NBCUniversal is expected to pay the NBA an average of $2.5 billion a year to show around 100 games per season – half of which that would air exclusively on Peacock, an individual familiar with the terms confirmed to TheWrap. The games would air on NBC on Tuesdays and Sundays to avoid conflicting with the network’s “Sunday Night Football.”
Amazon would pay $1.8 billion for regular season and playoff games, the new NBA in-season tournament and “play-in” games where teams compete for the final payoff spots. The tech giant would also be given a share of the conference finals, which the media partners would split in a rotation, people familiar told the Journal.
Meanwhile, Disney would pay about $2.6 billion per year to continue to air the NBA Finals, up from its current $1.5 billion. The company would get fewer games than its current deal and ESPN would air games on its upcoming direct-to-consumer service slated to launch in 2025, the Journal said.

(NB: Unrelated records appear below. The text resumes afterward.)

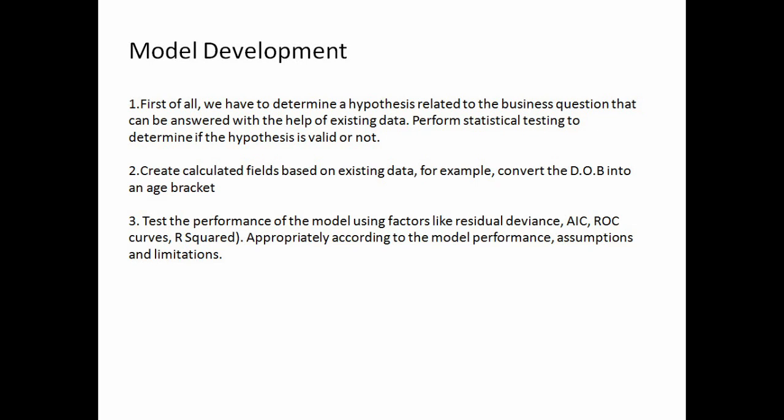The next one is: test the performance of the model using factors like residual deviance, AIC, ROC curves, R squared, appropriately according to the model performance, assumptions, and limitations. This is all about the model development.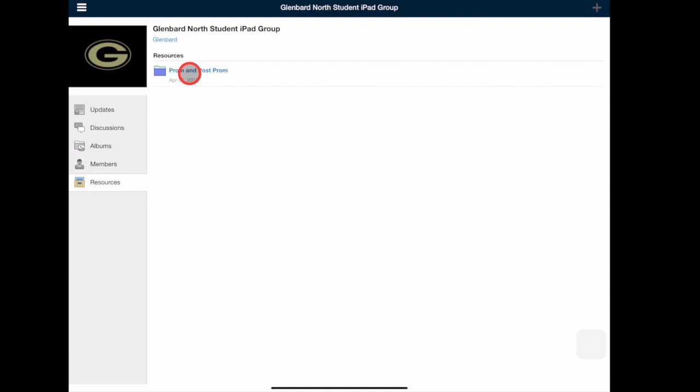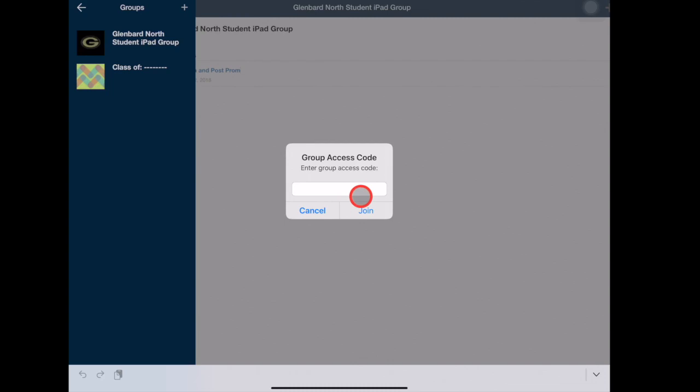If you are ever given a group code to join a group, tap the white plus and enter the code. When you refresh your group list, the new group will be listed.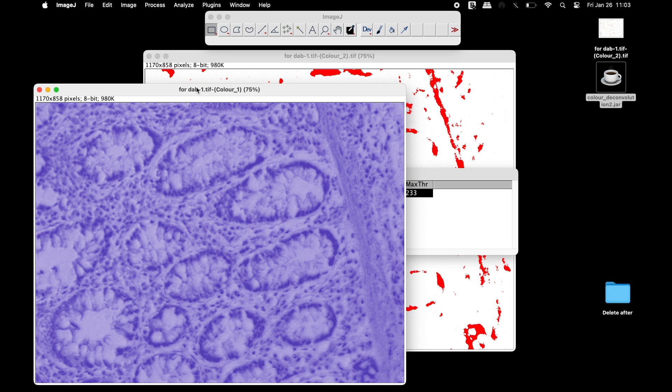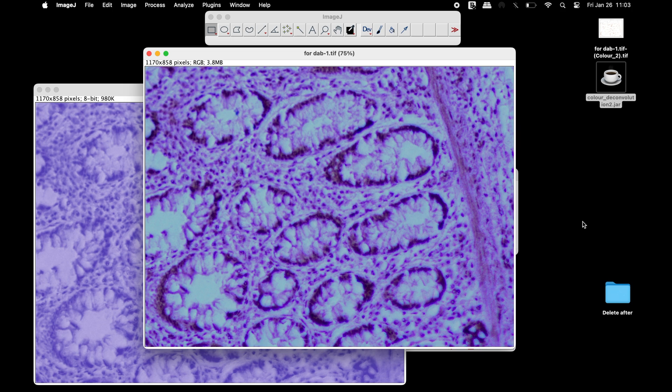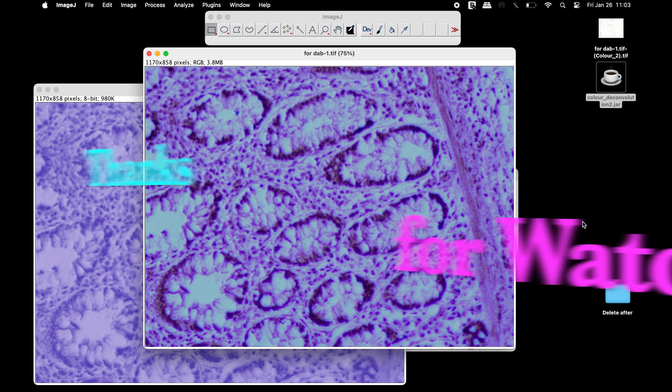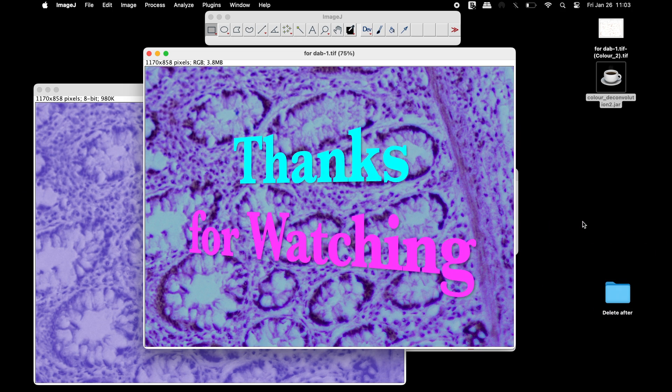Users can also quantify the hematoxylin staining if needed. Thanks for watching.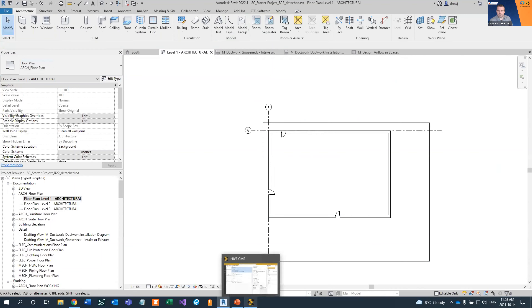That brings an end to the demonstration. Hopefully that's given you an idea of how we can manage content without having to overpopulate our template. We can have a very stripped-down project file — not a template file — so we can pre-define worksets, and then use Hive to bring content in as we need it. We're confident it's the company standard because it's in Hive, not just some random folder on a hard drive, OneDrive, or SharePoint. With that, I'll hand it back to Dan.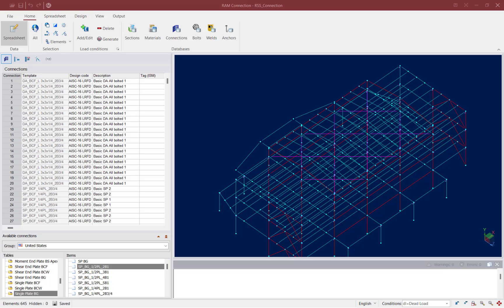Designing connections in RAM Connection is a two-step process. You start by selecting the joints you want to design together — typically joints of the same family with similar forces and joint data — and then you select a connection database that's compatible with the currently selected joints. I find it easiest to work one level at a time, so I'm going to isolate the first floor level.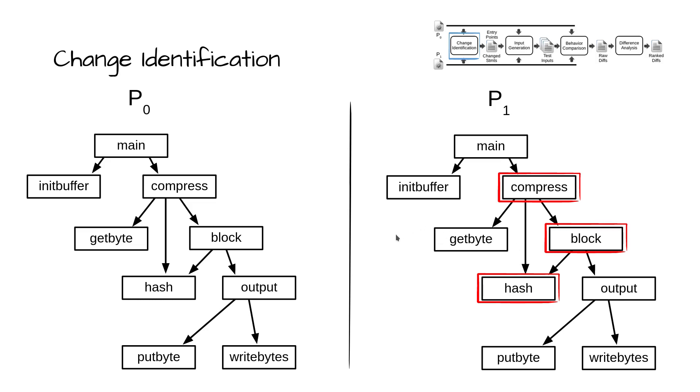Entry points are functions in both P0 and P1 with identical signatures—that is, function name, arguments, and return type—that reach changed code in either version. Additionally, let's assume that hash's signature has been modified by changing an argument type.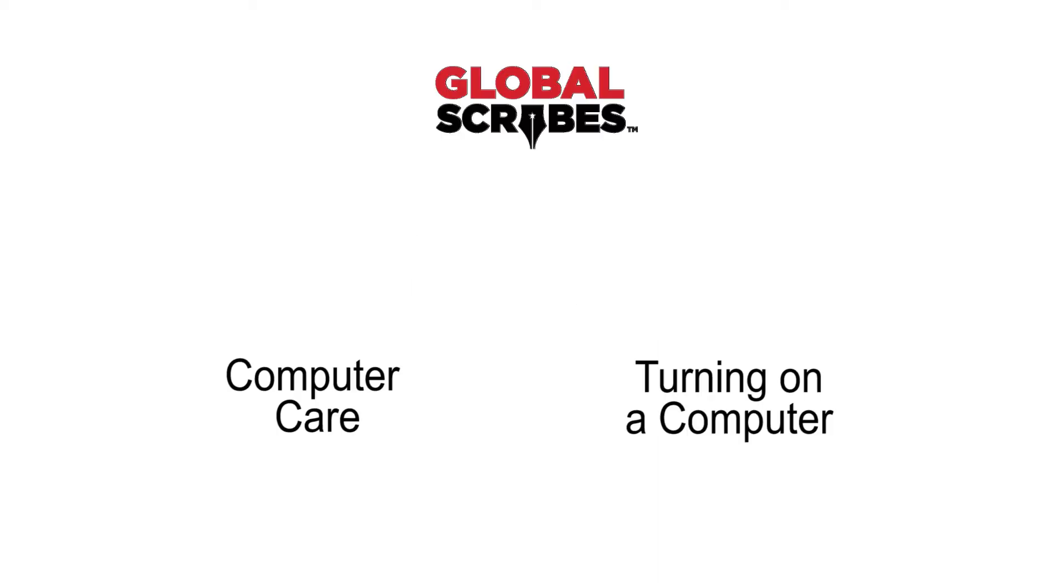If you would like to learn more from Global Scribes, click one of the videos on your screen. Click here to learn more about computer care, and here to learn how to turn on a computer.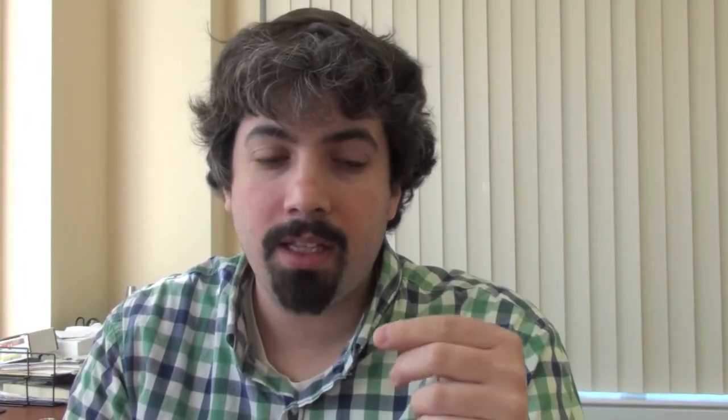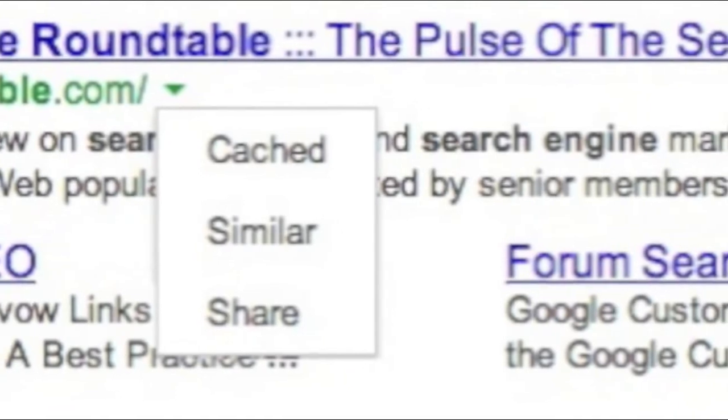Google dropped their Instant Previews. If you remember, when doing a Google search there would be a little arrow on the right hand side of the snippet — you'd click on it and it would bring up a preview of the page. That is no longer available. Google launched it about three years ago and made a big deal about how it increases user satisfaction by about five percent. Now it's gone due to low usage. You'll now see a green arrow next to the URL; clicking it gives you the cached link, the similar link, and if you're logged in, a share link for Google Plus.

The deals, which would also include rights to WNBA telecasts, would go into effect after the 2024-2025 season. The new agreements could translate to a 2.5 times increase in annual fees for the NBA to an average of nearly $7 billion, according to the Journal.
The outlet emphasized that owners would need to approve the deals and that any announcement could still be a few weeks away.
Representatives for NBC, Amazon and Disney declined to comment. Representatives for the NBA did not immediately return TheWrap’s request for comment.
Warner Bros. Discovery, whose TNT network has aired NBA games since 1988, had a chance to renew its deal before an April 22 deadline.
The David Zaslav-led media giant, which reported $43.2 billion of gross debt during its first quarter of 2024, has the opportunity to match either NBC or Amazon’s bids, which could potentially result in a legal battle to enforce those rights, the Journal notes. WBD would have five days from when the deals with Amazon and NBC are formalized to match, CNBC reported.
In an April 30 research note, Citigroup analyst Jason Bazinet estimated that WBD losing the NBA could potentially cost them roughly $270 million in ad revenue per year and that TNT could see a roughly 45% decline in affiliate fees.
Without the NBA, the company could look to sublicense more sports, similar to the recent agreement it struck with ESPN for College Football Playoff games, or bid for other sports rights that come up for renewal, such as the UFC.
“We feel very comfortable and we’ve been very strategically focused on making sure that we have a robust offering of sports for each our sports channels in the U.S. and around the world,” Zaslav told Bernstein’s 40th Annual Strategic Decisions Conference.
In addition to the NBA, Warner currently has rights to NASCAR, the National Hockey League, Major League Baseball and the March Madness college basketball tournament. Warner is also currently in exclusive negotiations with All Elite Wrestling.